Leclerc agacé par les problèmes de sa Ferrari : "Trois fois d’affilée, cela fait mal"

Double zéro pointé pour Ferrari, désormais à 80 points de Red Bull.

FORMULE 1 : Grand Prix d Azerbaidjan - Bakou - 12/06/2022
©Photo News

C’est de pire en pire. Une véritable catastrophe pour la Scuderia Ferrari qui, après une double erreur tactique lui coûtant la victoire à Monaco, a cette fois vu ses deux monoplaces renoncer en seulement vingt tours suite à des pannes mécaniques. Un double zéro pointé arrachant le cœur des tifosis.
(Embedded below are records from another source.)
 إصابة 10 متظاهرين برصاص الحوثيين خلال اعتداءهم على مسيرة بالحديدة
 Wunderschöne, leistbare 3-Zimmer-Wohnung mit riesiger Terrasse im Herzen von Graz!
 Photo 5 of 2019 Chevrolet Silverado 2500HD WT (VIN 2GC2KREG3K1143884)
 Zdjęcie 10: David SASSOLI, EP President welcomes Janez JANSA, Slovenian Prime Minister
Alors que Maranello avait démarré la saison en fanfare et que l’on voyait les F1-75 dominer et les "Rouges" renouer enfin avec les titres, c’est la bérézina totale. Quarante-quatre points perdus d’un coup face à Red Bull qui en compte désormais 80 d’avance chez les constructeurs.

Comme à Barcelone déjà, le poleman et leader Charles Leclerc a vu tous ses espoirs de succès s'envoler en fumée au 20e tour. Onze tours avant, son équipier espagnol avait déjà garé sa Ferrari suite à des problèmes de freins… "J'étais en tête quand j'ai ressenti une perte de puissance", expliquait le Monégasque, dépité. "J'ai regardé dans mon rétroviseur, j'ai vu le nuage de fumée et j'ai compris. C'est la troisième fois d'affilée que je perds la première place sans que ce soit de ma faute. Cela fait mal."
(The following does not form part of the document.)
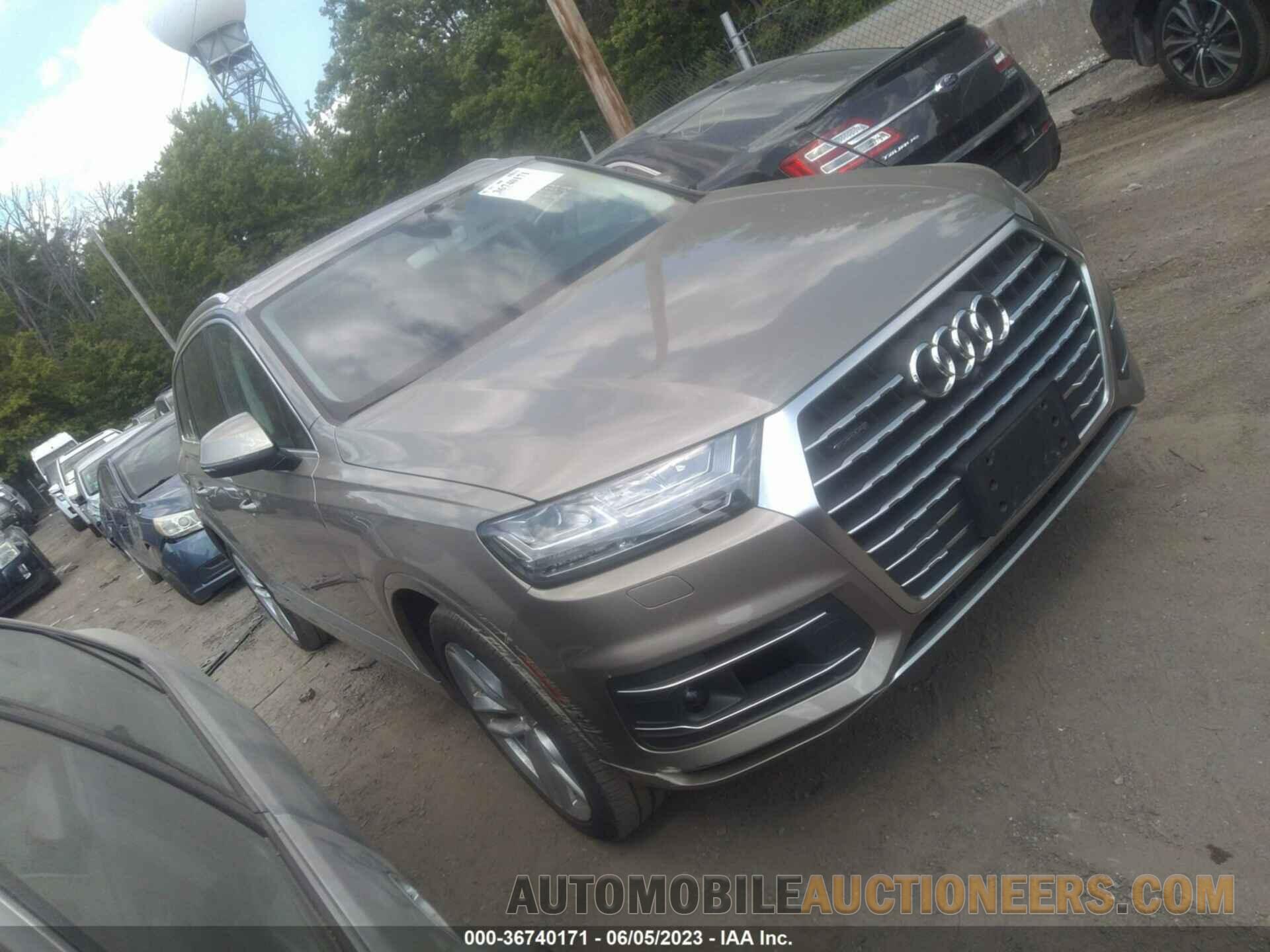 WA1VAAF77HD008222 AUDI Q7 2017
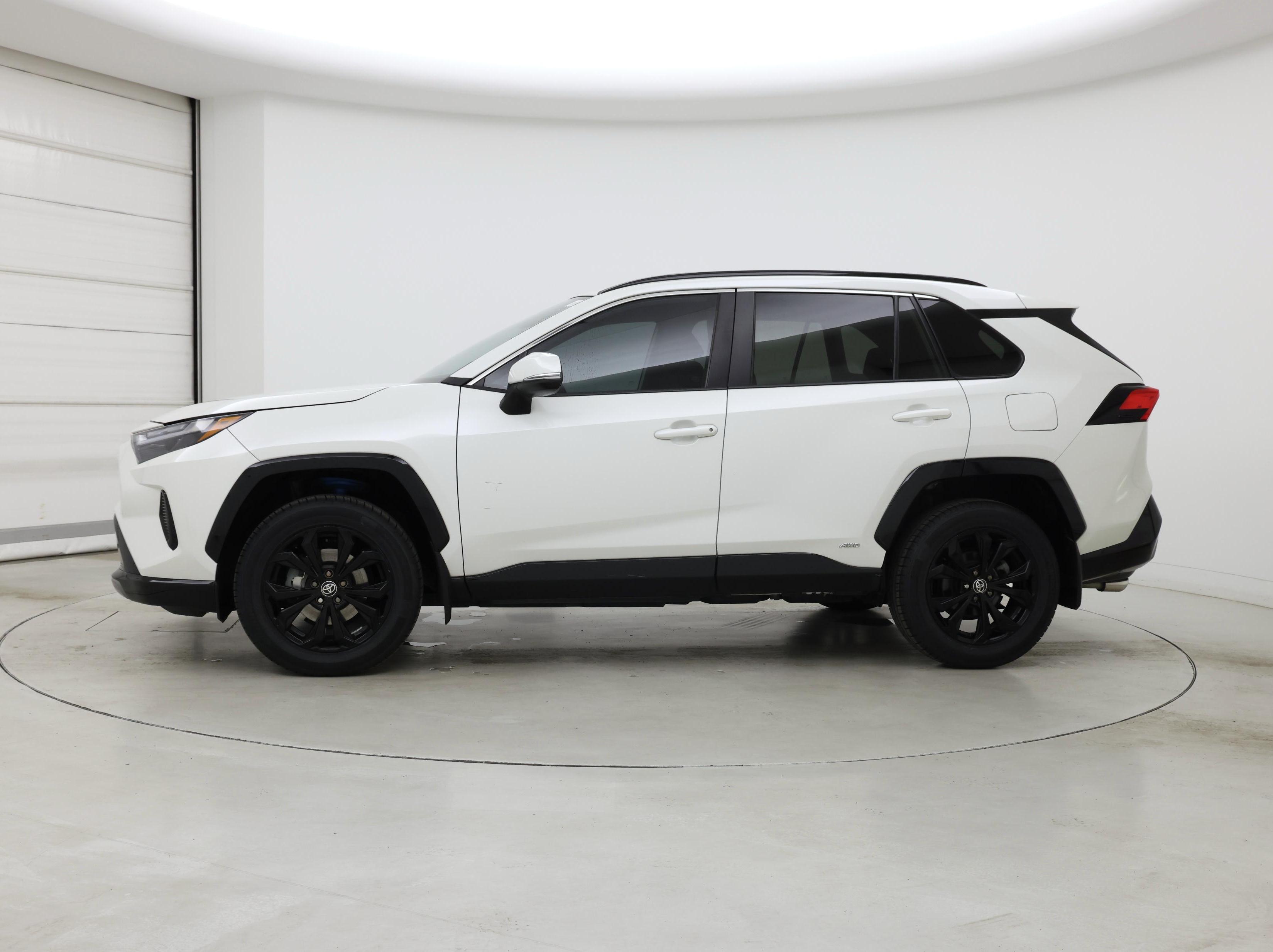 Thumbnail: 2022 Toyota RAV4 - 3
Autant que de voir l'écart se creuser avec son rival Max Verstappen, désormais 34 unités devant. Il semble déjà bien loin le temps où le petit prince caracolait en tête du championnat : "La motivation reste la même. Je vais essayer d'oublier cela au plus vite. On possède une voiture très rapide avec laquelle on peut gagner des courses. Il reste assez de GP pour se refaire. On va essayer de remporter le suivant au Canada."

Mais il y a un souci évident de fiabilité que Maranello doit résoudre au plus vite. "Je ne comprends pas car en début d'année, on était censés être moins fiables et cela ne cassait pas", concluait Charles Leclerc, désormais troisième du championnat.

"Je suis désolé pour nos pilotes et toute l'équipe", regrettait le boss Mattia Binotto. "On a pris des risques pour rendre notre moteur plus puissant. Aujourd'hui, on le paie. Mais on travaille dur pour la fiabilité à moyen et long terme."